Interest Accruing Tokens and Accounting

Interest-accruing tokens are the basis of yield farming and passive income generation.

UTXO model and Rebasing: In the UTXO Model (Unspent Transaction Output) transactions are created by inputs and outputs. For a transaction to take place, a user “gives” one (or more) UTXO(s) as input(s). The user then confirms ownership of the inputs provided with their digital signature, creating new outputs. The UTXOs used up cannot be used anymore, as they are spent. The outputs of that same transaction become new UTXOs – which can be used for the next transaction.

Hinkal uses the UTXO model internally.

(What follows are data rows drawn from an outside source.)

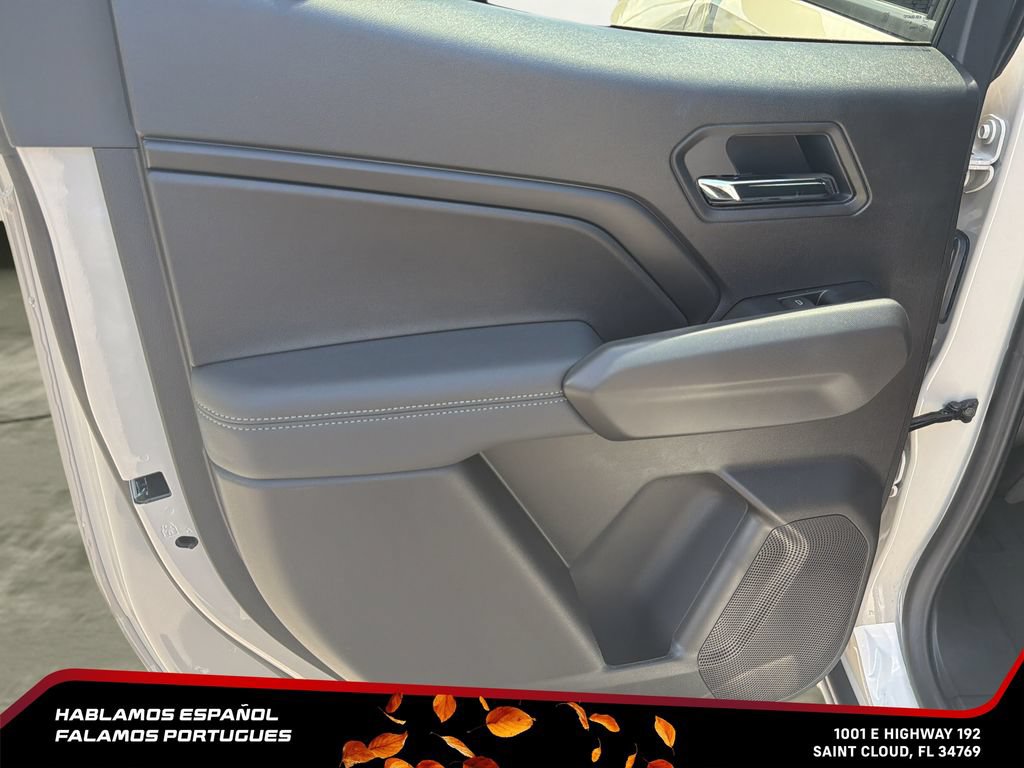 New 2026 GMC Canyon Elevation w/ Convenience Package RWD image 24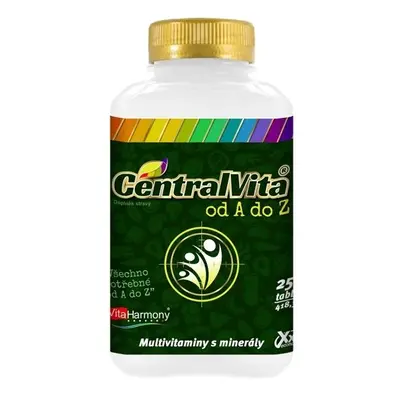 VitaHarmony CentralVita® Classic 250 tablet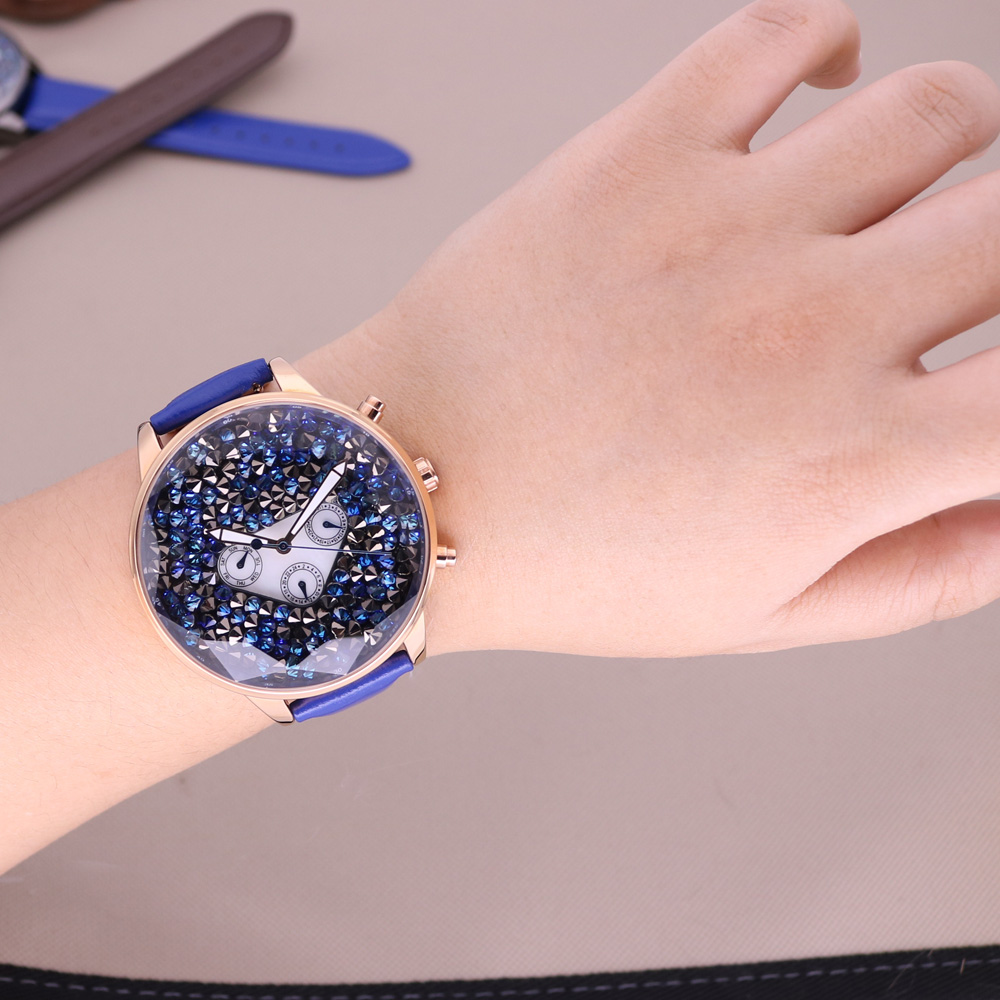 SALE!!! Discount Davena Crysta - Luxury Watch Discount avis et prix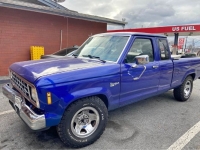 1987 Ford Ranger for sale in Michigan (ID-124027)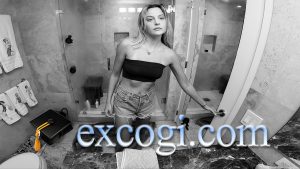 ExCoGi - I’m A Happy Girl – Britney - Full Porn Video!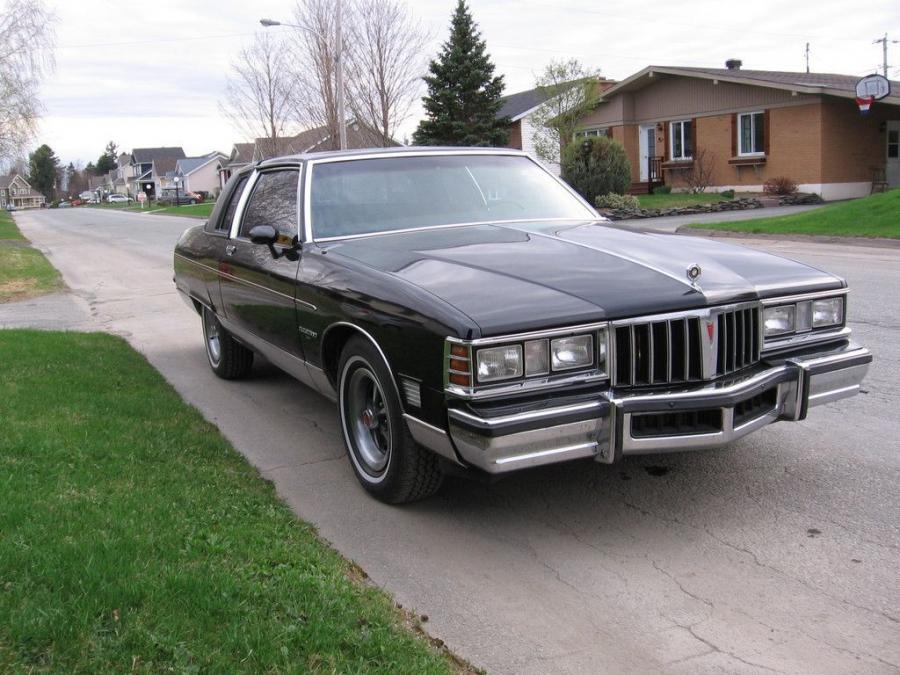 Pontiac Parisienne '1980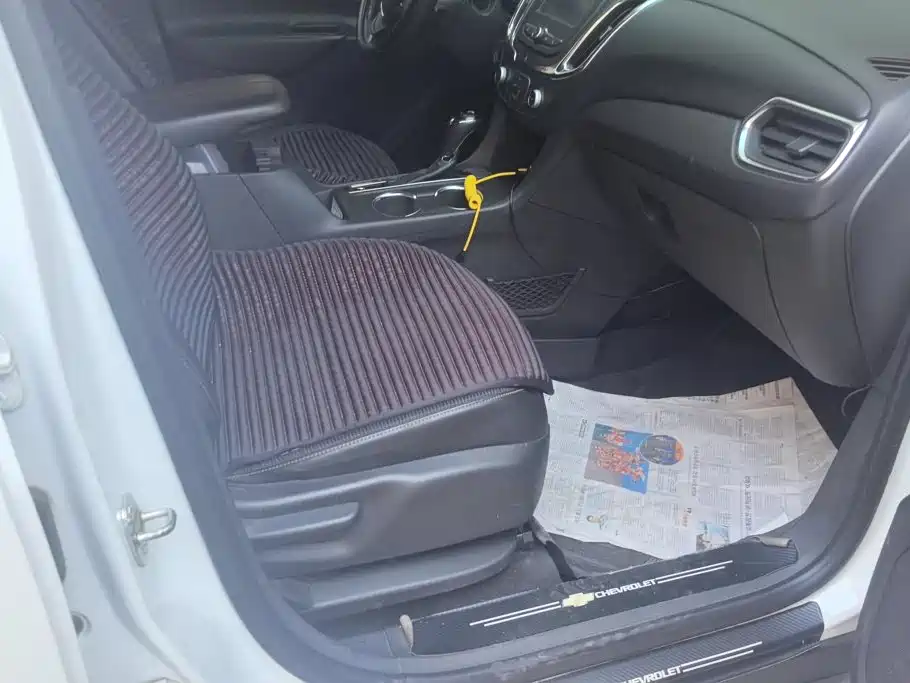Chevrolet Equinox — миниатюра 8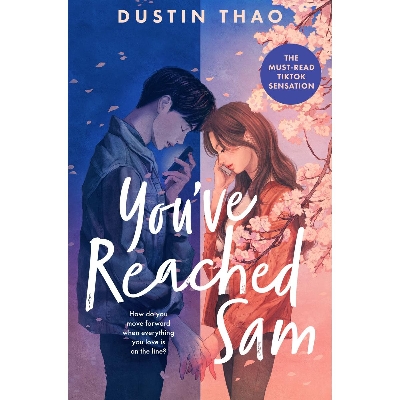 Picture of You've Reached Sam( Paperback ) White Print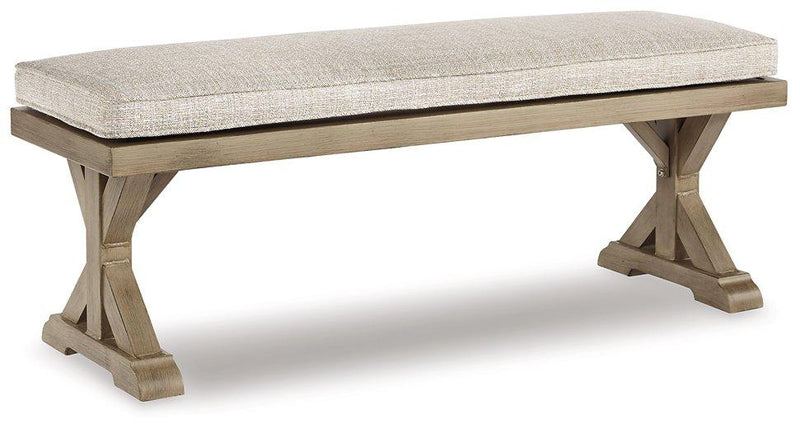 Beachcroft Outdoor Dining Set - Jay's Mattress Plus (NY)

It is used during proof generation for every transaction, proving that the user has the appropriate amount of funds deposited to execute it. Some interest-accruing tokens are rebasing in nature, meaning that the amount of the tokens in a user's balance is not constant. Because of the UTXO model, rebasing tokens could create an issue, since Hinkal does not support rebasing tokens, as balances cannot be changed automatically inside commitments.

Solution: Hinkal wraps rebasing tokens such as aDai and aUSDC into wrapped tokens which take scaling factors into account. Therefore, a wrapped rebasing token can still accrue rewards, even if the amount in a user's balance stays constant. When the user unwraps the token, the amount they will receive will be greater than the amount they wrapped, to account for all accrued interest/rewards.

*Balances of scaled tokens stay fixed which ensures consistency with the UTXO model.

*Whenever a user wants to withdraw or swap the tokens are unwrapped and the appropriate actions are performed.